How was the gold standard determined?

The gold standard (data labeled by expert clinicians) against which the ML model learns to adjust its parameters is a crucial element in ML studies. If the gold standard is a clinical or paraclinical judgment, then it is essential to know the qualifications of experts arriving at the gold standard. How were the intra-rater and inter-rater variability addressed? Was it adjudicated by a panel of experts or was a majority vote used? Also, the clinicians judging the gold standard should be blinded from the ML predictions.

In the model trained to detect DR, the gold standard was determined by a single ophthalmologist.[6] The model to detect papilledema was trained on a dataset that employed a panel of neuro-ophthalmologists to determine the gold standard.[5] In the model used to identify critical findings in head CT scan 03 senior radiologists with experience spanning 8–20 years in cranial CT interpretation determined the gold standard by mutual consensus or majority vote.[24] The quality of the gold standard used to train the model is the bedrock that determines generalizability of model's performance. [Figure 3]

What was the type of ML employed? Which version of the model was used for the study?

Early ML methods, especially those requiring processing of image-related features, used computational vision, and image processing techniques suitably adapted to the problem.[30] More recently, the deep learning-based approaches have been very successful in outperforming conventional techniques.[31] The deep learning-based techniques rely on (a) a deep neural network (DNN), so called because of their superficial resemblance to biological neural networks, acting as computational models that learn parameters in big data, (b) large data for training the models, typically comprising 50,000 or more labeled examples, (c) large computational resources typically provided by specialized graphical processing units for training the deep networks, (d) algorithmic innovations to speed up the training of deep networks.[32]

Conventional ML methods need expert intervention to predefine some features in the dataset to help the model learn, a labor intensive, and daunting task. However, the models thus learned are more open to interpretation and analysis. In contrast, the deep learning techniques often rely heavily on convolutional neural networks (CNN), a class of DNN that display connectivity patterns that are analogous to that of the connectivity patterns and image processing in visual cortex. Deep learning techniques take advantage of the hierarchical pattern in data to assemble more complex patterns using simpler and smaller patterns. The ML model to detect papilledema was trained on two CNNs (DenseNet-121 and DenseNet-201). By a method called ensemble learning, the outputs of the two networks were combined to improve the quality of prediction and improve the overall performance of the model.[5]

High performing deep learning-based models often require less prior knowledge and human effort in feature design.[5],[16] The high performance of DNNs come at the cost of interpretability and robustness.[30],[33] The performance metrics of ML model reported in a study is version specific. If a different version of the model was used in previous studies, then the changes brought about in the new version of the model and rationale for the changes is important considerations for generalizability.[21]
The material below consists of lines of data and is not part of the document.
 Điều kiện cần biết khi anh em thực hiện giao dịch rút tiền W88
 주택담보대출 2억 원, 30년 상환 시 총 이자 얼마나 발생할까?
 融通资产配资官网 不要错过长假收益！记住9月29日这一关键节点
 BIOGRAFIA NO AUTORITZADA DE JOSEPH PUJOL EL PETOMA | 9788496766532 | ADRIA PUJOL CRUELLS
Is the reported model “continuously evolving” or “continuously learning” by design?

Most ML models are trained on development datasets to reach a certain level of efficiency. The chosen model with most satisfactory performance metrics is then “locked” in a way that it does not learn further when shown new data. In contrast, “continuously learning” models do not stop learning even beyond the stage of development. They have the ability to be continuously trained on new shown data which may cause changes in performance over time. The reported metrics of “continuously learning models” may not hold true even for the same external dataset when tested incrementally. Trials comparing “continuously learning” models with clinicians are hard to interpret and have been excluded from consideration in the newly reported CONSORT-AI extension.[21]

Does the model suffer from a black box problem?
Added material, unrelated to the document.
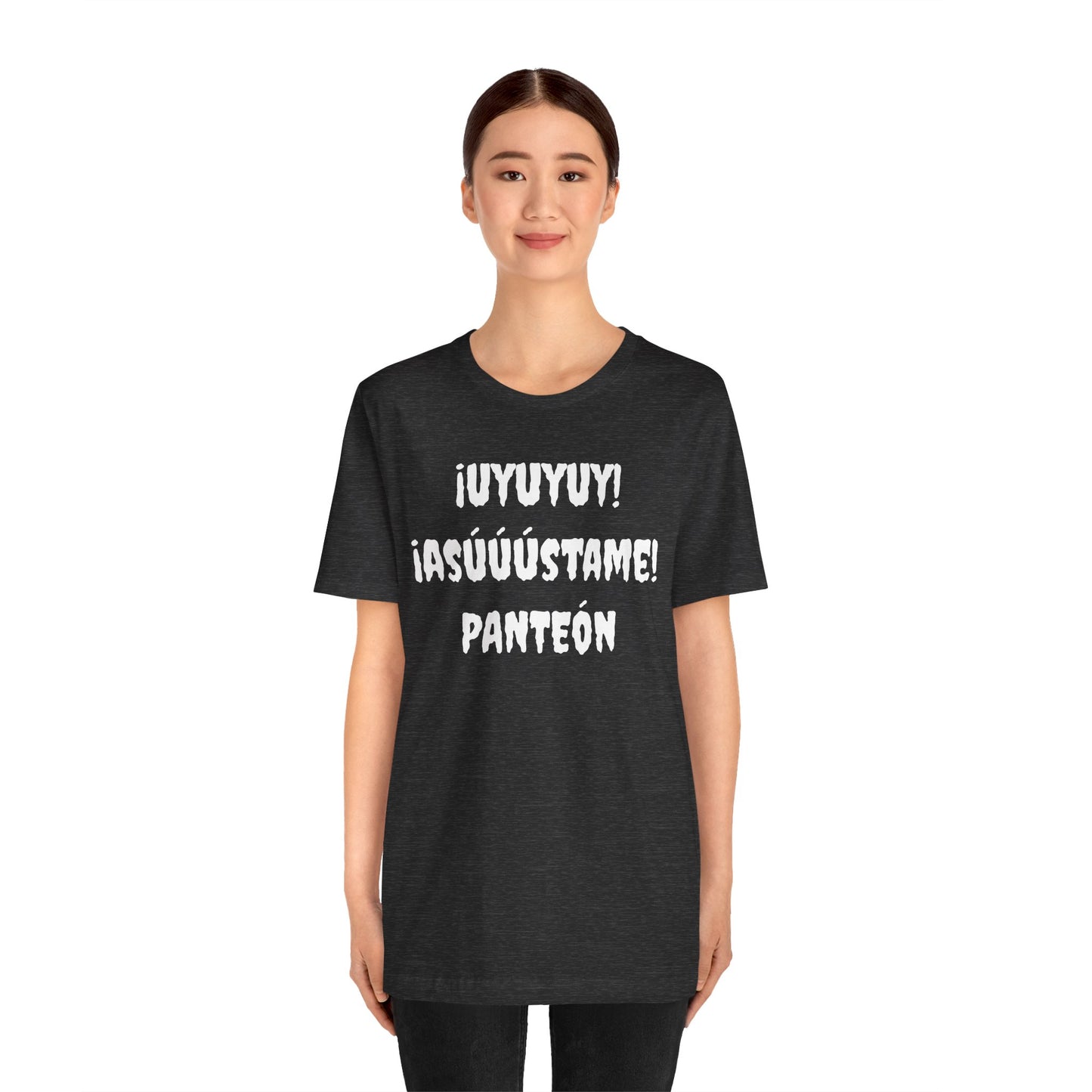 Unisex Jersey Tee - Comfort & Style for All Occasions | Casual Wear, Birthday Gift, Graphic Tees. ¡UYUYUY ASUSTAME PANTEON!'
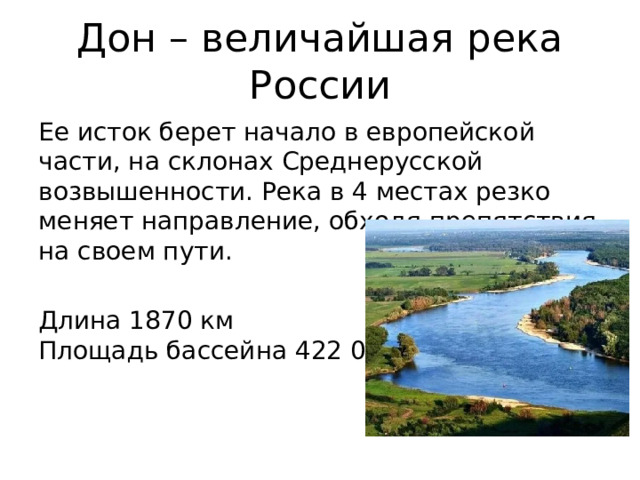 Дон – величайшая река России Ее исток берет начало в европейской части, на склонах Среднерусской возвышенности. Река в 4 местах резко меняет направление, обходя препятствия на своем пути. Длина 1870 км  Площадь бассейна 422 000 км.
Can the output of the model be retraced back to input on demand? The Black Box problem refers to human inability in explaining the precise steps leading to the ML model's predictions.[34] When an ML model is trained on massive datasets, the model may extract parameters into a complex maze of weighted connections that is inscrutable to humans. Performance and explainability in ML models are often inversely proportional. The best performing models, e.g., DNNs, are often least explainable. [Figure 2] Models with a poorer performance like linear regression and decision trees are usually most explainable. European Union General Data Protection regulation legislation requires that ML predictions be explainable, especially those that have the potential to affect users significantly. Explainable ML models instill confidence and are likely to result in faster adoption in clinical settings. There is a growing interest in interpretable models in deep learning.[35] The field of interpretable models is in the early stages of development. A deep-learning algorithm trained to detect acute intracranial hemorrhage used attention map and a prediction basis retrieved from training data in an attempt to enhance explainability.[36]

Which performance metric is being reported/optimized? How were performance errors identified and analyzed?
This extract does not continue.